Where as the under educated have nothing else to think about because we (yes I said we) have nothing else to think about save for our own thoughts giving us an advantage in the markets.

Having said that I leave all those who are willing to delete all the indicators from their charts that are tuning their perception to the mass psychology of the sheeple (that would be all the indicators) from their charts with this piece of wisdom:

That which is moving up is going up and that which is coming down is going down.
That which moves does not do so in a line but a wiggle so catch the market as it jiggles.
That which is moving up does not greatly retrace; turn your mind around stay away from outer space.
When ever ye are sitting in profit, 5 pips more not stopped out by lock it.
If ye must exit for less than a profit, offer to exit for a smaller loss don’t out and cough it.

Not that the educated cannot think out side of the box, it is just harder for them to break away from rote and listen to their own thoughts -

I agree, and with a couple of degrees under my belt it took a long time for me personally to realise that I had been for a better word duped by my environment and surroundings and this comment leads and opens a whole can of worms in terms of lifetime conditioning, from cradle to grave. In a nutshell, be a good citizen, learn conventional wisdom, pay your taxes, and society will ensure you end impoverished, intellectually and financially.

I would appreciate a clearer explaination on your comment of indicators

Fibonacci Retracements: Of course price is going to retrace between 1 and 100% before going up (if it is going up). The lines them selves are of ZERO, ZIP, NO SIGNIFICANCE. You might as well draw random lines and trade bounces off those.

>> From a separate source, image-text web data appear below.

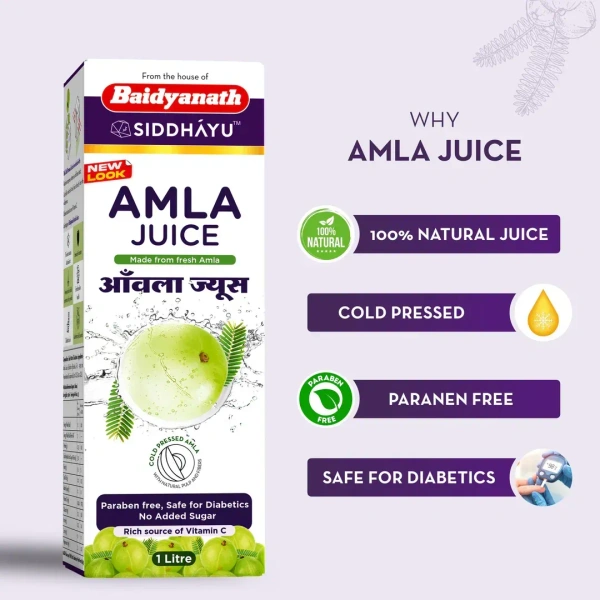 BAIDYANATH  Amla Juice - Baidyanath - 1L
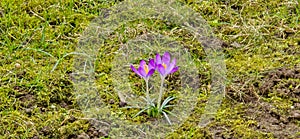 lila and white crocus flowers at spring in park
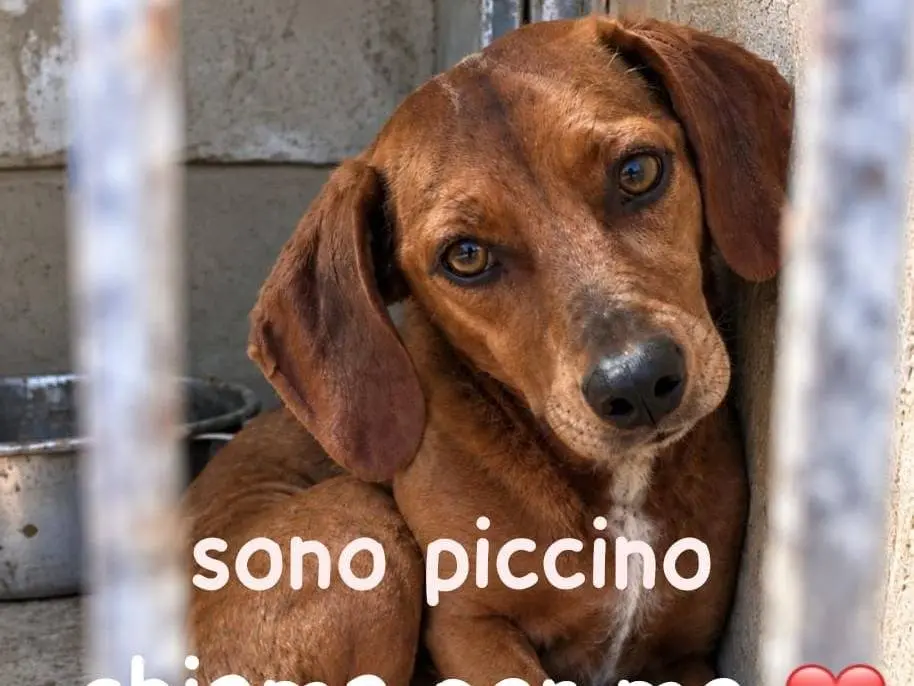 Foto 1 dell'animale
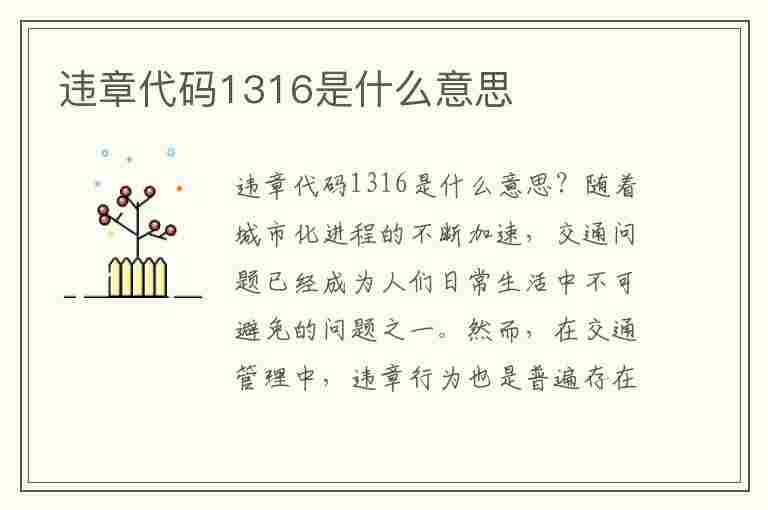 违章代码1316是什么意思(违章代码1316是什么意思啊)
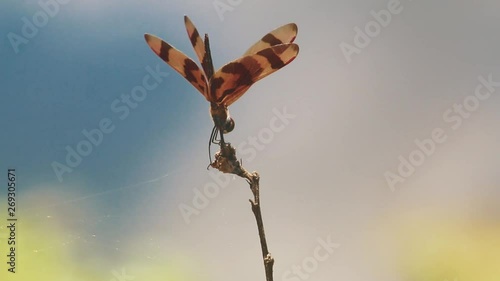 Male Halloween pennant dragonfly perched in obelisk posture, Close Up photo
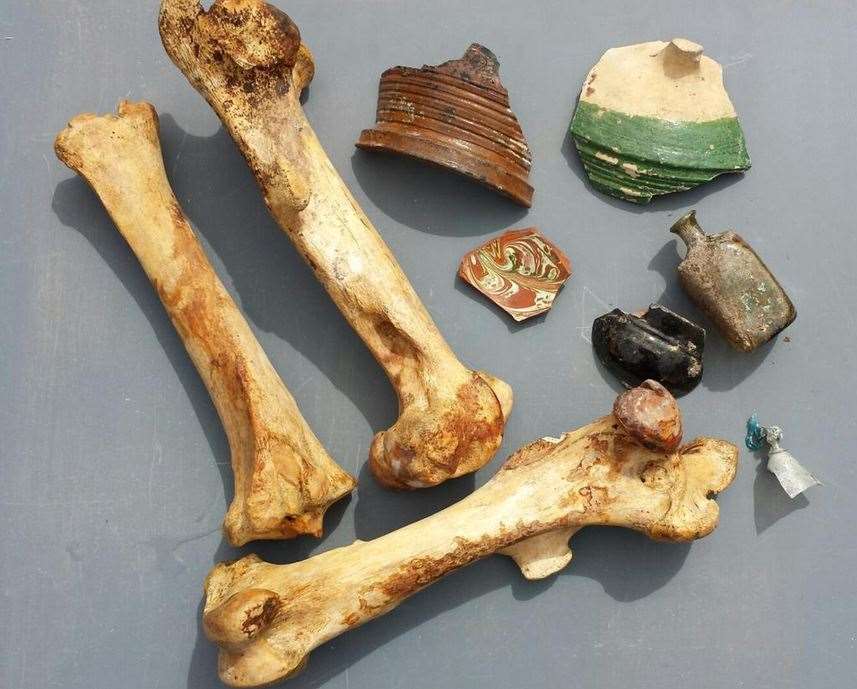 Bones and pots found in the Woolcomber Street dig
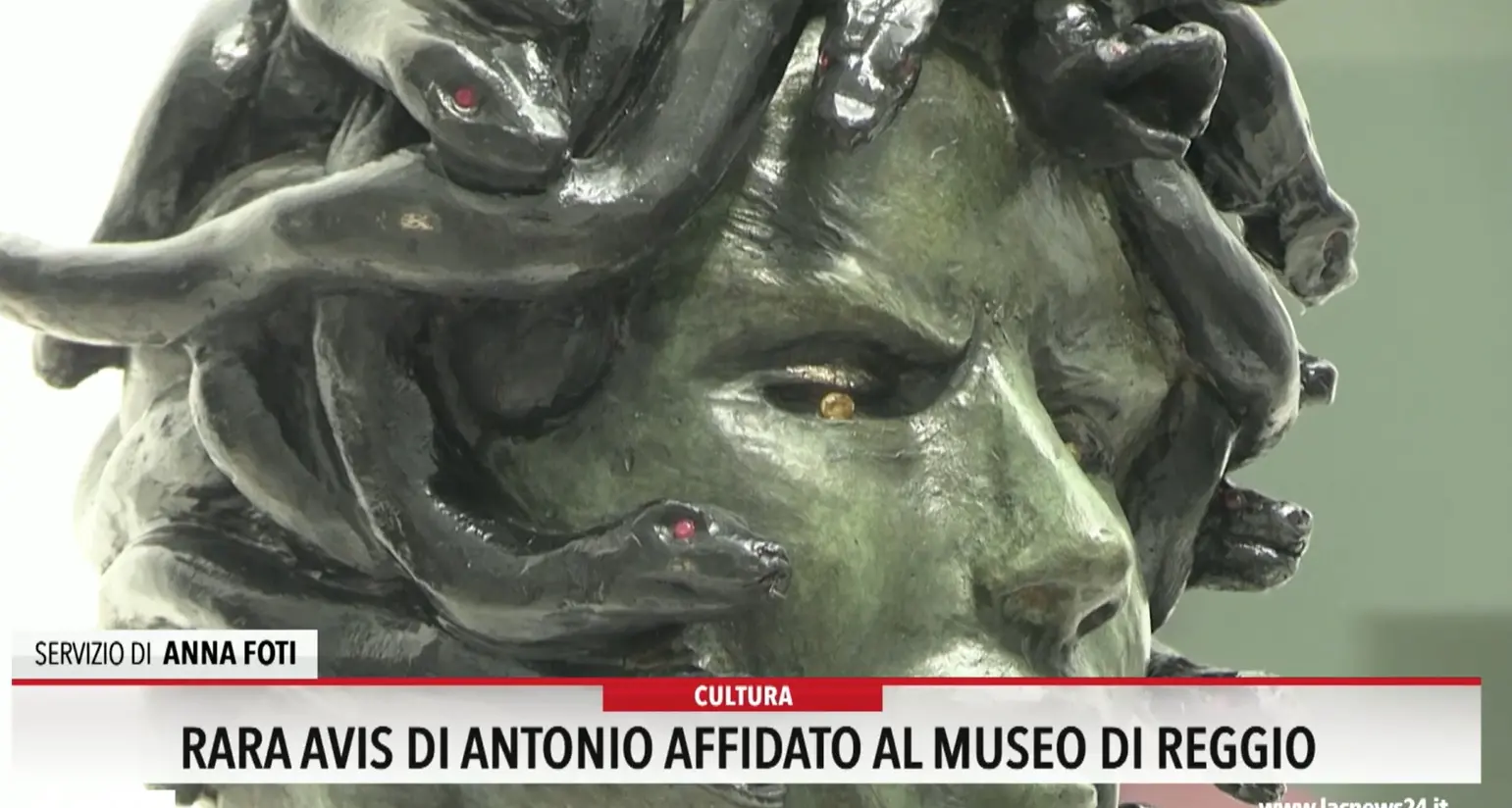 Rara Avis di Antonio Affidato al Museo di Reggio
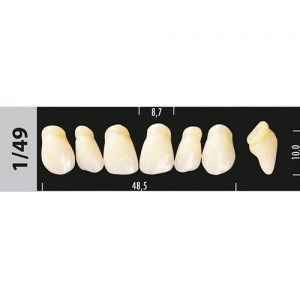 Зубы Major D2 1/49, 28 шт (Super Lux) st955709 - фото 484808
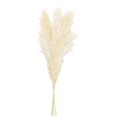 thumbnail image 1 of 5 piezas de hierba de pampa blanca, 50-60 cm, ramas de hierba de pampa secas naturales, decoración para el hogar, cocina, jardín, fiesta, fotografía de flores, 1 of 5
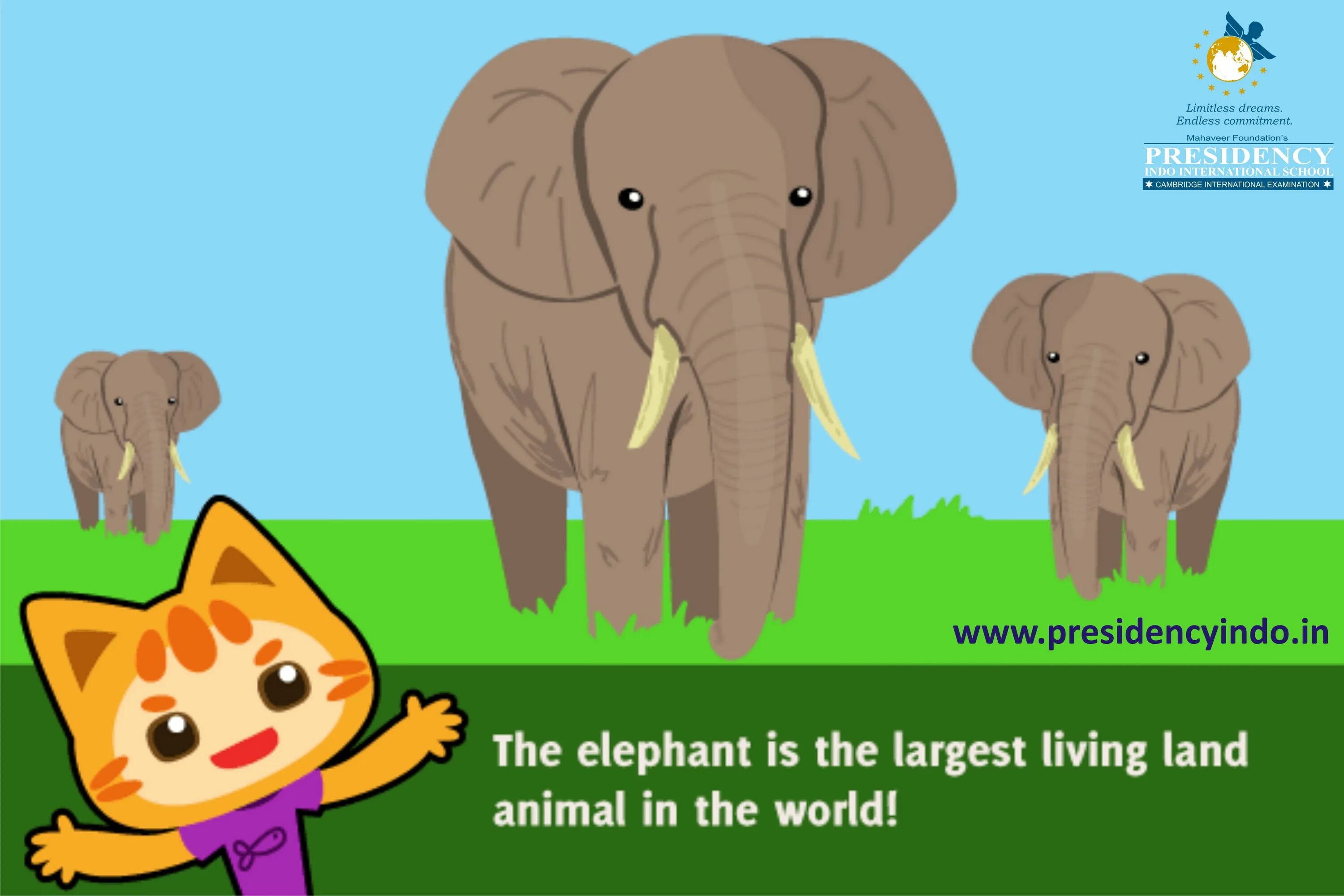 Facts about animals. About Elephant for Kids. Interesting facts about animals. Fun fact about Elephant. The Elephant's child презентация.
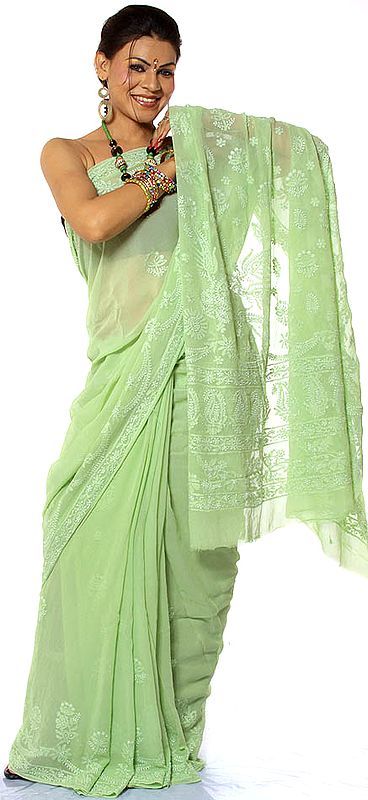 Tea-Green Lukhnavi Chikan Sari with All-Over Embroidery by Hand
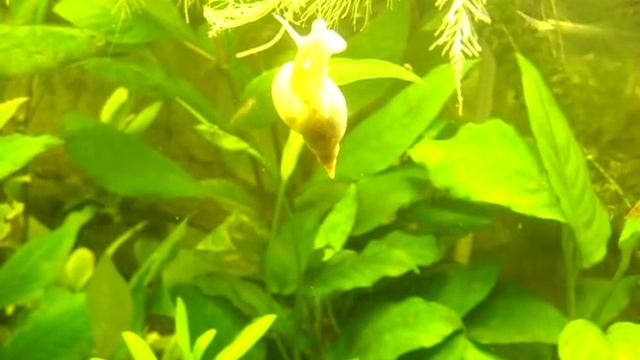 schwebende Schlammspitzschnecke смотреть онлайн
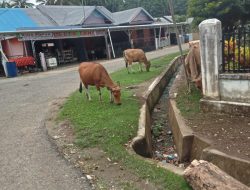 Hewan Ternak Sapi Resah kan Warga Desa Tanjung Eran .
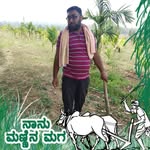 Mohammed Tajuddin Sogane - @mohammedtajuddinsogane - Instagram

Oscillators: As soon as the oscillators turn up guess what, you have weak bearish candles and/or bullish candles so what is the point?

Divergence: Again you are wasting your time reading oscillators that are based on price when you should be looking at what price its self is doing.

What about over bought and over sold? There is no such thing! Price can stay over bought or over sold for weeks on end! If price is going up then why are you looking to go short?

How about moving averages? They are just candles with less information!
Want to put a 12 MA on a 5 minute chart? Why, a 60 minute chart (12 * 5) will give you more information!

Shall we continue?

Go ahead and put: trend lines, channels, pitchforks, & fractals on your charts, but be honest with your self.
When you think you see a trade setup then delete the indicator and ask your self if it is price or the indicator doing the indicating.

Either you find that you have been trading with horse blinders on your whole trading life and take them off or you leave them on and try and figure out which indicator setting and combinations will work tomorrow.

What about chart formations / candle patterns? In trading, 1 + x does not always = 2; what a pattern is telling you is based on how the pattern is currently responding on the chart. Small patterns (1 to 3 bars) are best because you can adapt to alternate price reactions from the patterns faster and make adjustments to your strategy.

When some one is trading a pattern with a set strategy you are going to pick up on it and possibly place your entry orders near, on, or around their stops.

Discretionary traders are few and far between and they are the only traders who are not susceptible to counter attack.

I will tell you right now that if you are not a discretionary trader then your best chance is a rock solid money management where you leave your stops alone and take profit incrementally to reduce risk.

You might exit at 5p, 10p, and then hold the 3rd for a ride. If you have a 20p SL and you exit your first trade at 5p then your risk is reduced to 13.3 minus 1.6 or 11.7p. If you then take profit at 10p then your risk falls to 6.6 minus 5 or 1.6 pips. If you make 30 pips on the 3rd then you make 15 pips total compared to a risk between 1.6 and 11.7 pips or ~6.7 pips risk for >2 to 1 reward! Had you made 60 pips on your third then your profit would be 25 pips giving you 3.7 to 1 R/R.

Now tell me how many of you are hitting those ratios…be honest!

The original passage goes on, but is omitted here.